- [Records shown]
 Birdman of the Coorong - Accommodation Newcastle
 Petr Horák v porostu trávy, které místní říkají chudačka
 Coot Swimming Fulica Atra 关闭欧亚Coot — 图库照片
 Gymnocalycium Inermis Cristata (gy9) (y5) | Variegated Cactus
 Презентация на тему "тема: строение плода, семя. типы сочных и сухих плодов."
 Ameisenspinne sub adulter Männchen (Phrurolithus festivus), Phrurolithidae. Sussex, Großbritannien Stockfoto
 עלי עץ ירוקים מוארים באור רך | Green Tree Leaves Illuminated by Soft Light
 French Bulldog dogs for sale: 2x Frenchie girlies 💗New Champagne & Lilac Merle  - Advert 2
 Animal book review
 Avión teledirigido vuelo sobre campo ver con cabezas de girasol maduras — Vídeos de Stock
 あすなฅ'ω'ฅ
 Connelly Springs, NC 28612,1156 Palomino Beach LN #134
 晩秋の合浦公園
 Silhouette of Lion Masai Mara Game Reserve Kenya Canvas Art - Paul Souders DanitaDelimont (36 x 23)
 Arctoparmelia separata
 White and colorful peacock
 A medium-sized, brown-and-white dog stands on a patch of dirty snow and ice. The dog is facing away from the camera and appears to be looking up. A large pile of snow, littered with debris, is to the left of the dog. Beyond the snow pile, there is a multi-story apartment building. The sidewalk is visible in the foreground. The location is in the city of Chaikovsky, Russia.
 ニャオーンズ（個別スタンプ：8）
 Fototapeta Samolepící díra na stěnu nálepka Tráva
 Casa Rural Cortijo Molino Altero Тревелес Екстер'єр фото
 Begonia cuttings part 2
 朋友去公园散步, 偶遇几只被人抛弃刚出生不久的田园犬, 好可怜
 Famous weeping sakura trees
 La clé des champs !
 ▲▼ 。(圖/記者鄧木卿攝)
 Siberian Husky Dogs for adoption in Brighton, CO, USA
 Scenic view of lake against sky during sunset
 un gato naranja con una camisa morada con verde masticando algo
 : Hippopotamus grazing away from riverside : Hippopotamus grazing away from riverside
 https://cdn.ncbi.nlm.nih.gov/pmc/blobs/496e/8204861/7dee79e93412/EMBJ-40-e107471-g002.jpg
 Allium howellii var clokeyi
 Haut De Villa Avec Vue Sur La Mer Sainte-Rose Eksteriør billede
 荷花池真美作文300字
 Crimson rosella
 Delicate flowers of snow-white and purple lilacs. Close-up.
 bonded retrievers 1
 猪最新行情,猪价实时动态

- [Exercise requirements] Looking at the records, how many of the lines contain the string "from"? Only the number should be given.

- [The completed task] 2